They're all threats to the future consolidated Memphis and Shelby County public school system, which is going to be riddled with escape hatches that could potentially draw away tens of thousands of students and the state dollars that go with them.
Omar Williams, pictured in The Commercial Appeal today, is a running back at St. George's who transferred from Manassas High School. He is one of several black athletes who have gone from Memphis public schools to private schools such as St. George's, Briarcrest, and MUS. The best known include Elliot Williams, who went to St. George's before playing basketball at Duke and Memphis, and Michael Oher, who went to Briarcrest before starring at Ole Miss and in the NFL. Competitive private schools welcome such student athletes — and some of their non-jock classmates — for reasons of altruism, diversity, and winning championships. Recruiting is not just for colleges. Look at all the University of Memphis basketball players who went to private academies whose specialty is prepping the cream of the crop for careers at Division 1 powerhouse schools and, perhaps, the NBA. I'm surprised Memphis doesn't have such an "academy" for jocks right here at home already.
Keith McDonald is the most prominent no-ifs-ands-or-buts-about-it proponent of separate suburban school systems. Bartlett, Germantown, Collierville, and Millington are all studying the prospects. That represents a potential loss of tens of thousands of students to the consolidated Shelby County system two years from now.
Charter schools are a third escape hatch. The joint school board this week denied new applications, but the board and MCS Superintendent Kriner Cash seem to have a different point of view than Education Commissioner Huffman. See Jackson Baker's blog post here.
Herenton is one of the applicants for multiple charter schools. He told me Friday he has appealed the denial of his application to the state treasurer's office, which will look at the impact on finances. A decision is expected in a month. If the treasurer rejects the school board's claim that charters adversely effect budgets, then Herenton will appeal to the education commissioner, who could direct the school board to approve the application.
"The unified board has not adequately read the future of the Memphis and Shelby county public school system," Herenton said. "They have not accepted that the educational arena is going to change even more dramatically n the future. MCS has been a colossal failure in terms of educating the children in the inner city and in poverty. Parents, students and teachers deserve the opportunity to participate in a variety of programs."

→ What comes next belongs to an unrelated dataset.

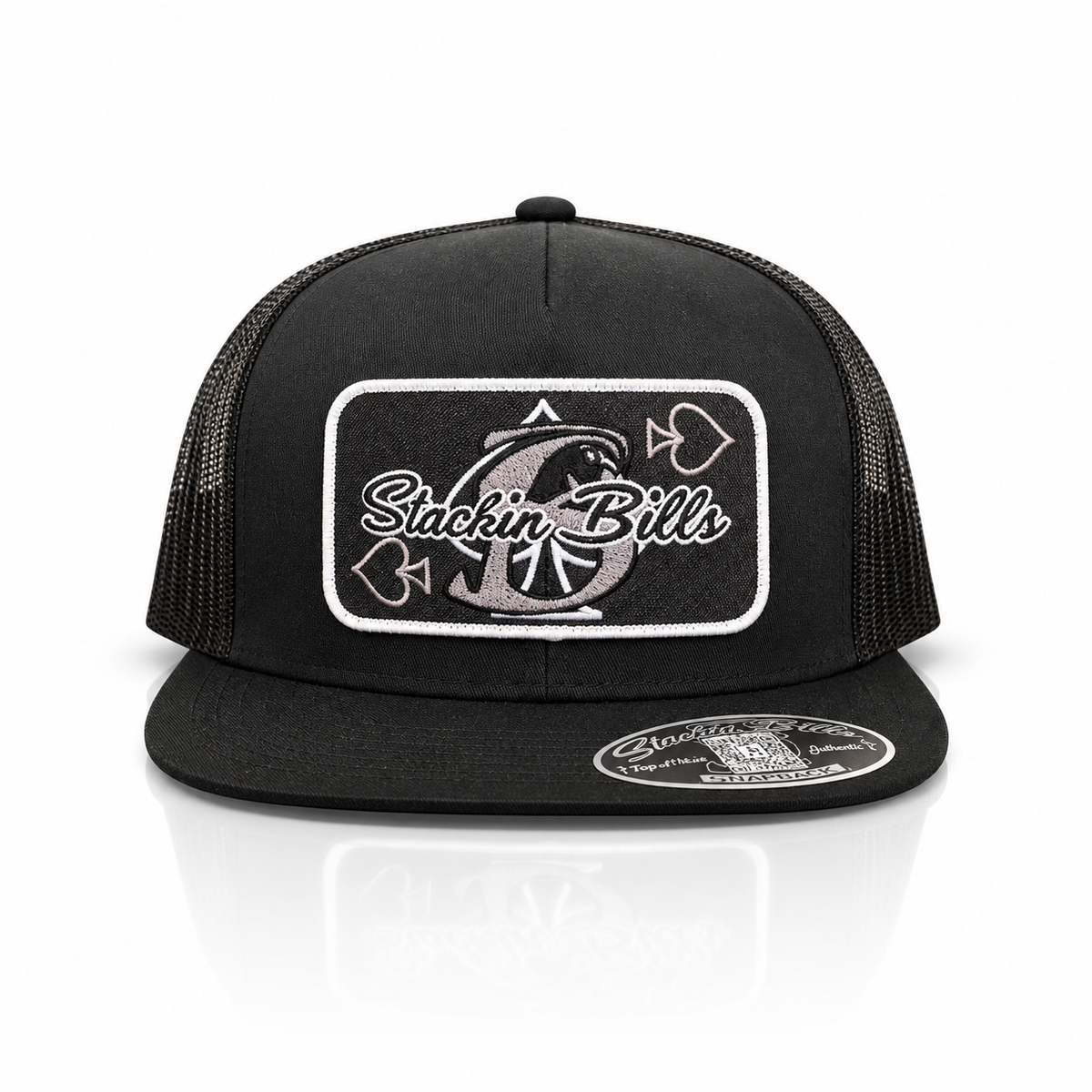 “ SB SPADE “ STACKIN BILLS BLACK SPADE CAP SNAP BACK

Herenton is a former MCS superintendent. Asked what he would do today if he was in Kriner Cash's shoes, he said "if educators and board members are really concerned about improving academics, then they shouldn’t care who is given leadership. They have to put children first, but they have put their own interests first."
Cash and board members say they are just trying to operate within their budget, and they have to employ roughly the same number of people and cover the same overhead, at least in the short run, despite the influx and outflow of students.

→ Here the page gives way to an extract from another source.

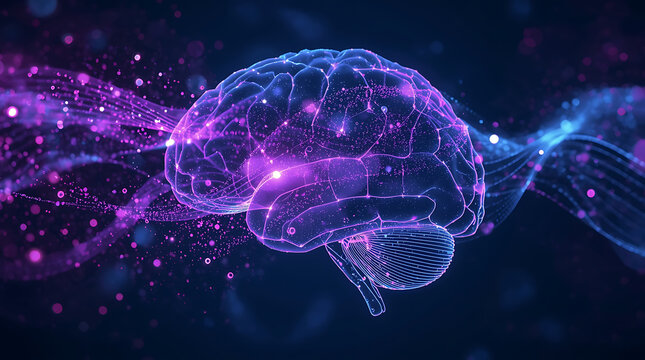 Abstract flow of data streams and binary code across a translucent brain silhouette on a dark background.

They're fighting on multiple fronts. It sometimes looks like a rearguard action because charters have by and large avoided close scrutiny and get pretty good press in Memphis and Nashville.
But setting up a new school much less a new system is hard and expensive. Sooner or later, MCS/SCS will have to stop playing defense and go on offense — in other words, make the positive case for a big unified school system with veteran teachers, principals, coaches, marching bands, extracurricular activities, no tuition, proud tradition, bus routes, neighborhood identity, stability, whatever. The appeal will have to be "why you should choose us" not "why you should not be allowed to leave us."
Once deregulation begins, there is no stopping it. There is a very good chance that the future consolidated system could become the current MCS system, minus hundreds if not thousands of its most athletic, college-bound, and motivated students and parents. That's the thing about escape hatches.